Select multiple items to process them all at once. A progress dialog will show the status of each operation.

Success Rates & Expectations

PDF Retrieval Reality

File retrieval success varies significantly by source type:

High Success Rate:

arXiv Preprints: Very reliable due to arXiv's open access mandate and stable infrastructure
Open Access Articles: Good success via Unpaywall for legitimately open access content

Moderate to Low Success Rate:

Paywalled Journal Articles: More challenging due to publisher restrictions and legal considerations
Books: Particularly difficult to obtain, especially recent publications
Recent Papers: Sci-Hub has significantly reduced new uploads due to ongoing legal challenges

Alternative Workflows

For difficult-to-find content, consider these community-recommended approaches:

Anna's Archive: A promising source with about 5-minute wait time for link generation, but it is free.
Google: Google is always our friend as the resource might be shared in reddit, github or some niche forums.

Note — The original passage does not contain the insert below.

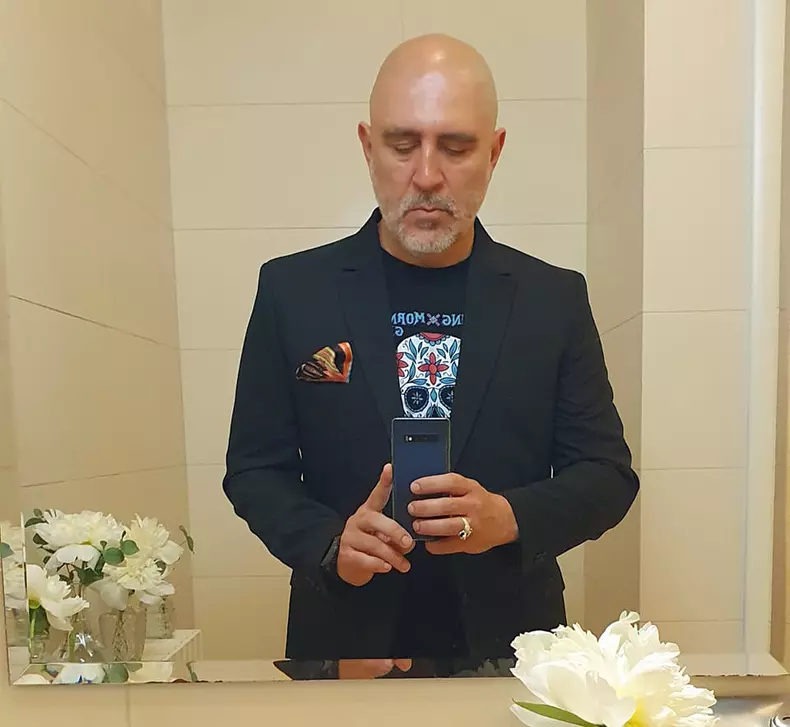 razvan exarhu selfie in oglinda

Note: This plugin automates the search across legitimate and widely-used academic sources. For content not available through these channels, manual research through additional academic resources may be necessary.

API Integration

This plugin integrates with several external APIs and services:

Metadata APIs

CrossRef API

Purpose: Fetch metadata for DOIs
Rate Limit: 50 requests/second (polite pool)
Authentication: None required (email recommended)

OpenAlex API

Purpose: Comprehensive academic work metadata and DOI discovery
Rate Limit: Very generous, no authentication required
Authentication: None required

Semantic Scholar API

Purpose: AI-powered paper search and metadata
Rate Limit: Reasonable limits for academic use
Authentication: None required

OpenLibrary & Google Books APIs

Purpose: Book metadata and ISBN discovery
Rate Limit: Standard API limits
Authentication: None required for basic use

PDF Sources

Unpaywall API

Purpose: Find open access PDF links
Rate Limit: 100,000 requests/day
Authentication: Email address required

arXiv API

Purpose: Search and download arXiv papers
Rate Limit: 3 seconds between requests
Authentication: None required

CORE API

Purpose: Search academic papers for full-text access
Rate Limit: 10,000 requests/month (free tier)
Authentication: API key required for higher limits (Not implemented yet)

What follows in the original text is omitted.